(Data supplied)
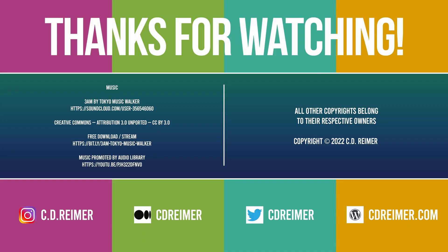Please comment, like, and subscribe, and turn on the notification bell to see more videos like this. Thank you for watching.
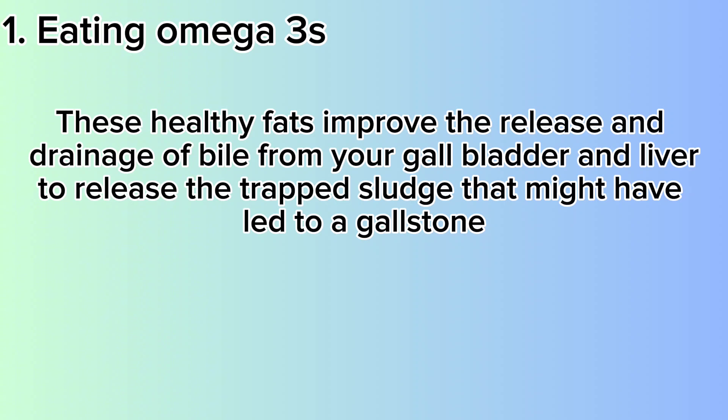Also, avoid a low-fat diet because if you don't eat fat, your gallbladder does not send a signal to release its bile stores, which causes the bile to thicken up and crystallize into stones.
(End Data supplied)
(Data supplied)
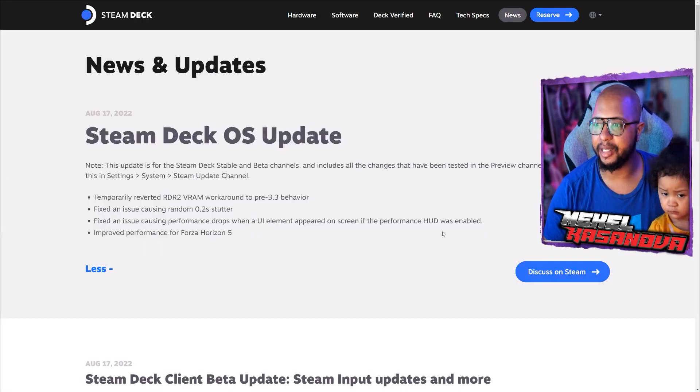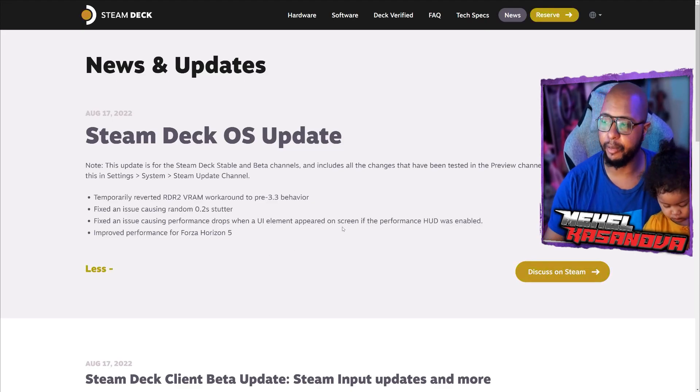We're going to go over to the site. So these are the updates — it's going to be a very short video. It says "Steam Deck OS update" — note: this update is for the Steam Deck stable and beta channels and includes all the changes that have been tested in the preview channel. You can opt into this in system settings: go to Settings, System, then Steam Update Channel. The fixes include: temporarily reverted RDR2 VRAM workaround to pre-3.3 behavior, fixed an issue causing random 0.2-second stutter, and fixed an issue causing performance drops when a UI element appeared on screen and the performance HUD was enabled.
(End Data supplied)
**What you have to do**
Output exactly the stretch of the listing that begins at the line containing "Please comment, like, and" and ends at the line containing "Also, avoid a", both kept. Omit pictures and everything else.

**Response below**
Please comment, like, and subscribe, and turn on the notification bell to see more videos like this. Thank you for watching.
Also, avoid a low-fat diet because if you don't eat fat, your gallbladder does not send a signal to release its bile stores, which causes the bile to thicken up and crystallize into stones.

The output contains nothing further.